@jonatabolzanloss/rtfjs
v0.0.1
Published
Zero-dependency JavaScript library that renders RTF (Rich Text Format) documents to HTML canvas. Pixel-accurate against Microsoft Word for the common 95% of real-world documents.
Downloads
51
Maintainers
Readme
rtfjs
Zero-dependency JavaScript library that renders Rich Text Format (.rtf) documents directly onto HTML <canvas> elements.
Built to render .rtf files the way Microsoft Word renders them — same pagination, same line breaks, same table layout, same images — without taking a single runtime dependency. Drop it in a browser, in Node + headless Chromium, or anywhere a <canvas> is available.
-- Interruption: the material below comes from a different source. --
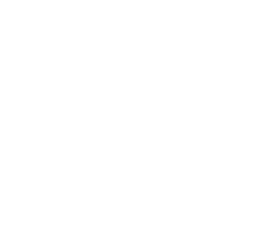 Nissan logo white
+------------+ +-------------+ +--------+ +----------+
| RTF string | --> | parser | --> | layout | --> | canvases |
+------------+ +-------------+ +--------+ +----------+
(zero runtime dependencies)Highlights
- Zero runtime dependencies. The whole library is vanilla ES2020. Only
devDependencies(Playwright, pixelmatch, pngjs) are needed to run the test harness. - Full RTF 1.9.1 spec coverage at the dispatcher level (1730 control words recognized). The 95% of control words that have visual effects are rendered; the remaining metadata flags are no-ops that don't pollute the output.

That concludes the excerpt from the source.